A method for calculating a cyclic redundancy code CRC, characterized in that it is executed in cache memory (11) of a processor (10), for performing a block calculation (b) of the cyclic redundancy code. CRC of a sequence (B) of bits, and in that it comprises a division of a calculation register (R) of said CRC code into several slices (RI, R2, R3), at least three slices, and a precharging (100) in said cache memory (11) of precalculation tables (TLU1, TLU2, TLU3), a table for each corresponding slice of the register, addressed by a pointer (p1, p2, p3) of the same length as said slice, and the number of slots and their respective lengths being determined according to the cache size of the processor, at least two slots having a length between 8 and 16 bits, excluding terminals.

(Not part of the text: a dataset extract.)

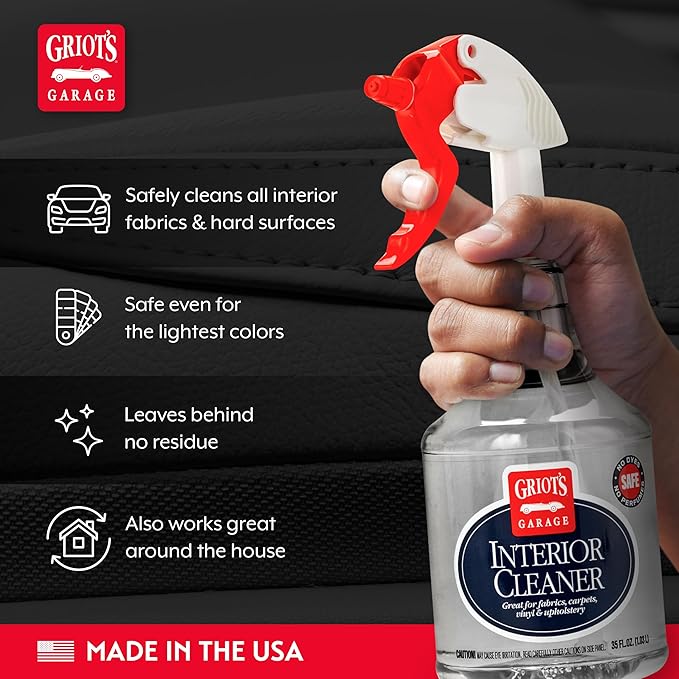 Griot's Garage Interior Cleaner Spray for Car Seats, Carpet, Upholstery Fabric, Floor Mat, Vinyl, Dashboard, Ideal for Truck, SUV, RV, Boat, and More, 11104, 35 Fl Oz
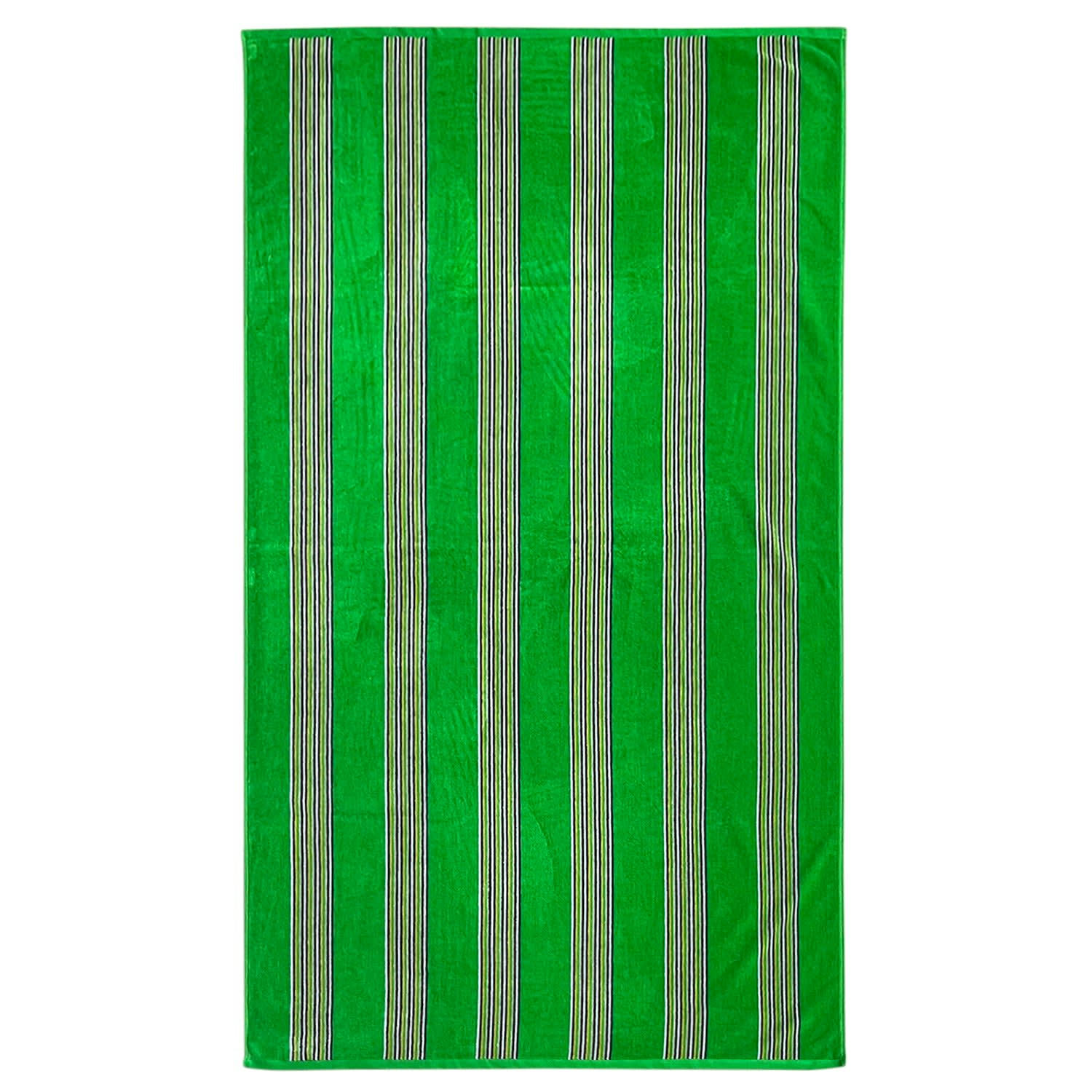 RAYURES - Serviette de plage éponge velours Milonga vert 90x170 400g/m²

The method according to claim 1, wherein the sequence (B) is processed in 32-bit blocks, to calculate a 32-bit CRC code, characterized in that said current register (R) is divided into three slices, two slices ( RI, R3) of 11 bits and a slice (R2) of 10 bits, in any order.

3. Method according to claim 1 or 2, implemented in a processor of the multiple thread type, characterized in that the accesses to the tables associated with the slices are made in parallel.

The method according to one of the preceding claims, wherein said cache memory (11) is a first-level cache cache instruction and separate data cache, the instructions corresponding to the calculation of the code being cached instruction and the tables of computation locked in data cache.

5. Method according to one of the preceding claims, characterized in that it is implemented in a verification phase (POST) triggered by powering up the processor, to check the integrity of a transferred application program ( 101) in RAM RAM at said power-on.